(Records excerpted from a collection)
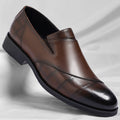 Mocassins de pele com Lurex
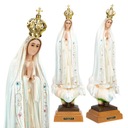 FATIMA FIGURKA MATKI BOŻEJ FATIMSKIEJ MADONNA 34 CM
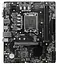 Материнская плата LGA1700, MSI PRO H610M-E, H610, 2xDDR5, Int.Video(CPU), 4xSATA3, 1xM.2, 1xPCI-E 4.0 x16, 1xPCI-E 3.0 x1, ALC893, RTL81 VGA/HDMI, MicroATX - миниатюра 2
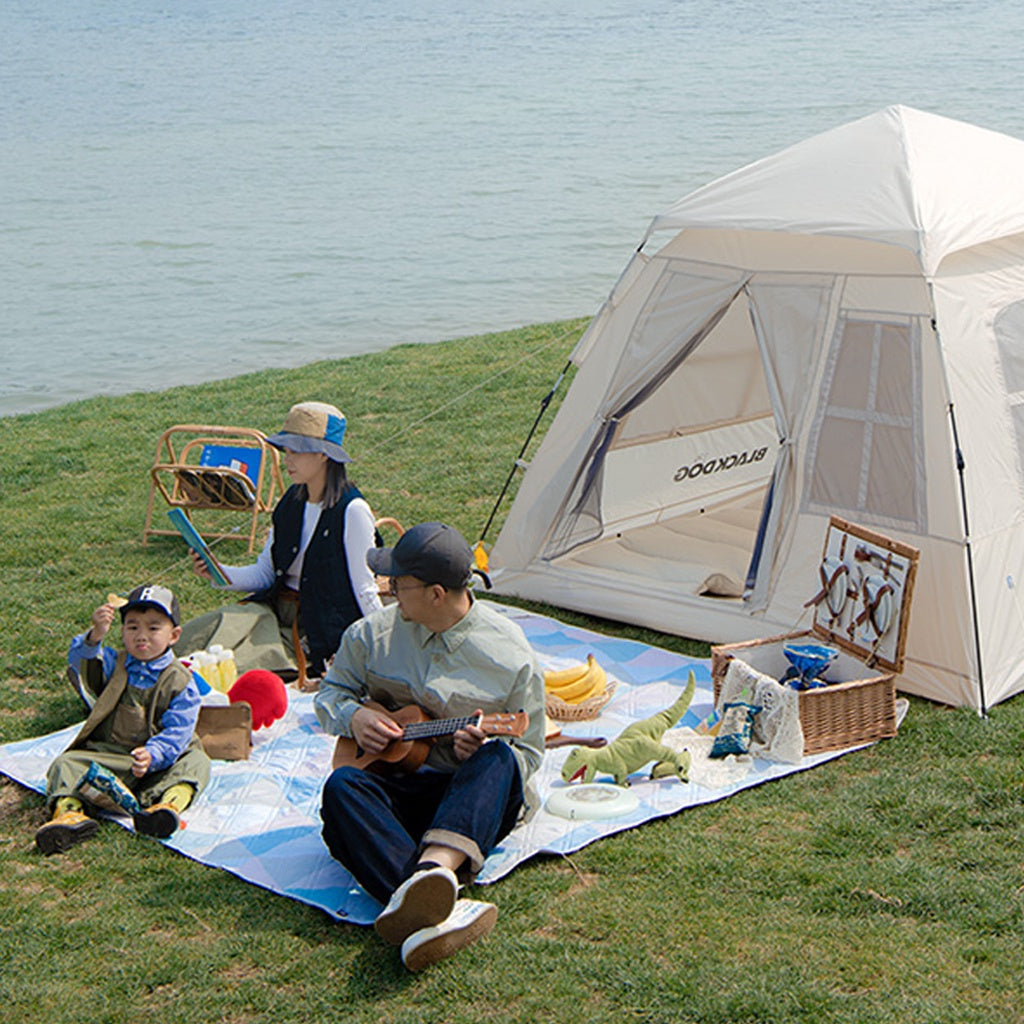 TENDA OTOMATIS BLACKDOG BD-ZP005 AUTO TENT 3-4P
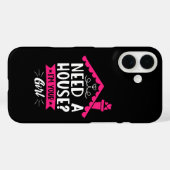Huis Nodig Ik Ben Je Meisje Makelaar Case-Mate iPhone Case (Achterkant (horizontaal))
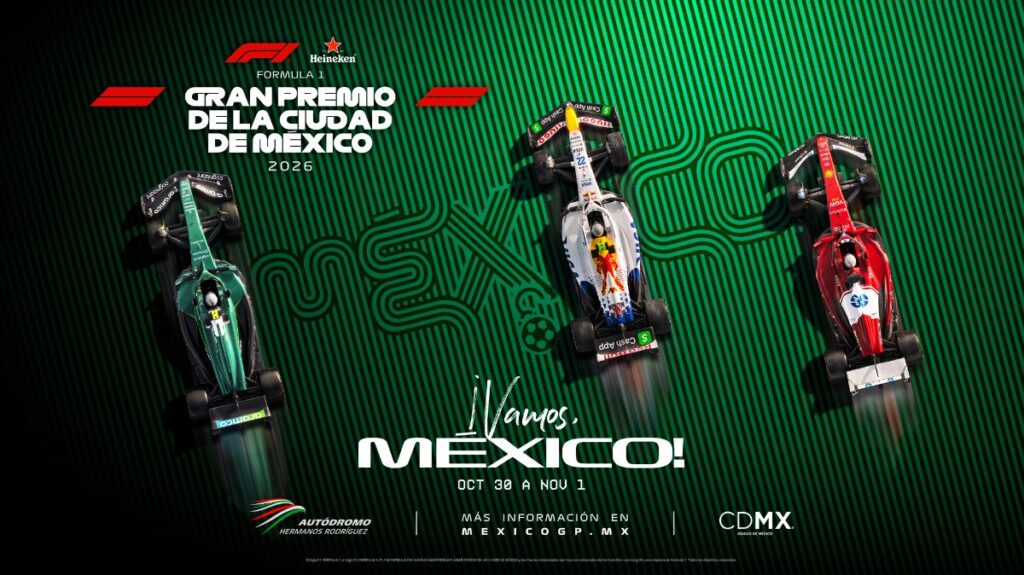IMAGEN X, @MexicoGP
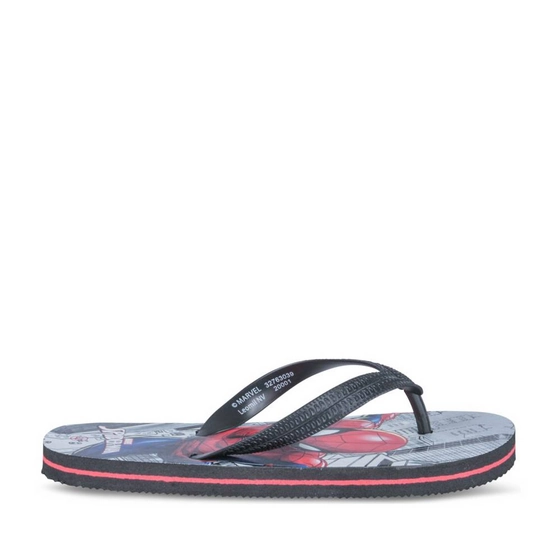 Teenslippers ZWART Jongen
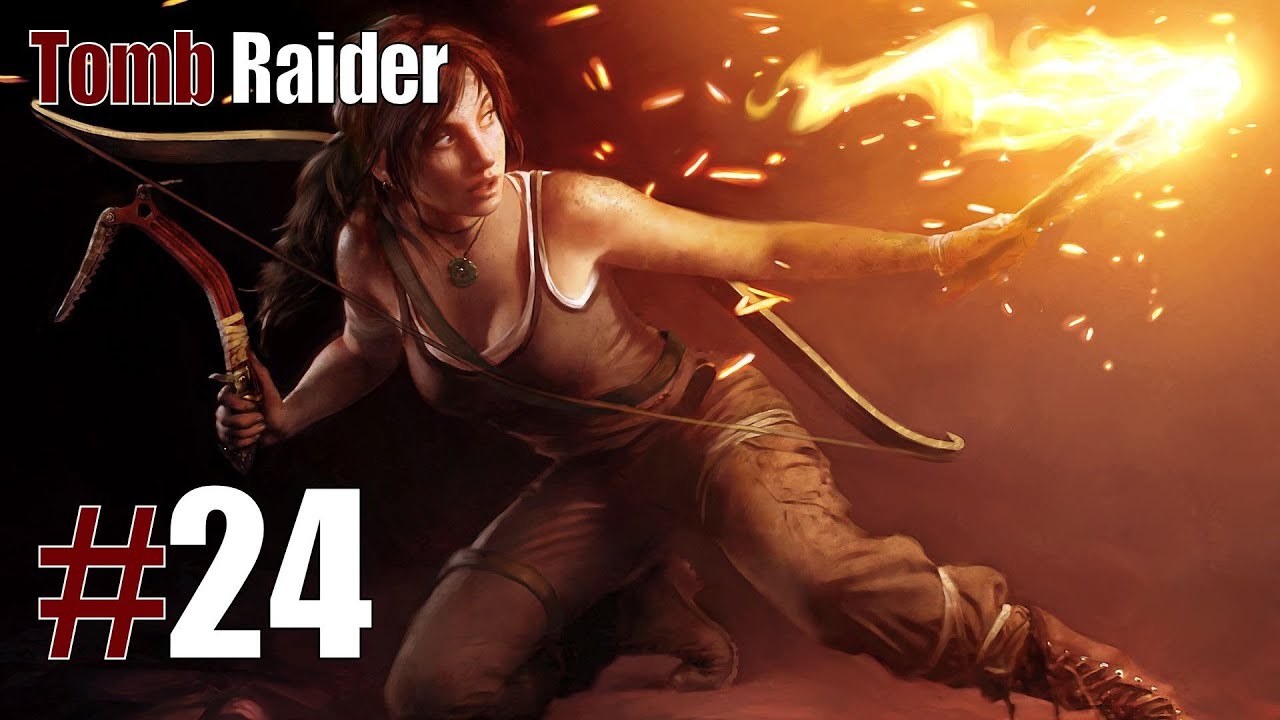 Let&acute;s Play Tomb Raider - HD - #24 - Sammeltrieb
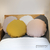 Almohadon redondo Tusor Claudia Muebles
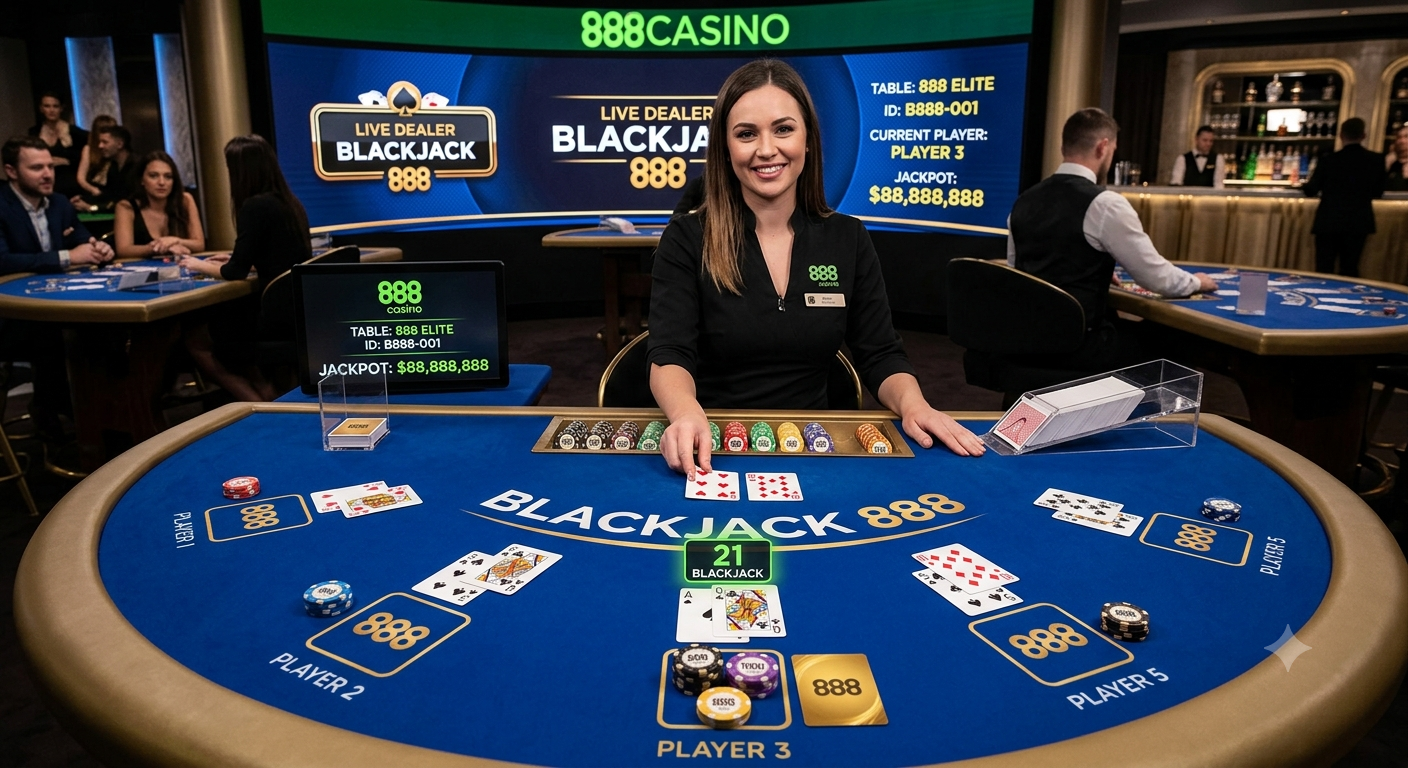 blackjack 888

- [TASK TO CARRY OUT]
Reproduce every line above as written, skipping pictures.

- [RESPONSE]
 Mocassins de pele com Lurex
 FATIMA FIGURKA MATKI BOŻEJ FATIMSKIEJ MADONNA 34 CM
 Материнская плата LGA1700, MSI PRO H610M-E, H610, 2xDDR5, Int.Video(CPU), 4xSATA3, 1xM.2, 1xPCI-E 4.0 x16, 1xPCI-E 3.0 x1, ALC893, RTL81 VGA/HDMI, MicroATX - миниатюра 2
 TENDA OTOMATIS BLACKDOG BD-ZP005 AUTO TENT 3-4P
Huis Nodig Ik Ben Je Meisje Makelaar Case-Mate iPhone Case (Achterkant (horizontaal))
IMAGEN X, @MexicoGP
 Teenslippers ZWART Jongen
 Let&acute;s Play Tomb Raider - HD - #24 - Sammeltrieb
 Almohadon redondo Tusor Claudia Muebles
 blackjack 888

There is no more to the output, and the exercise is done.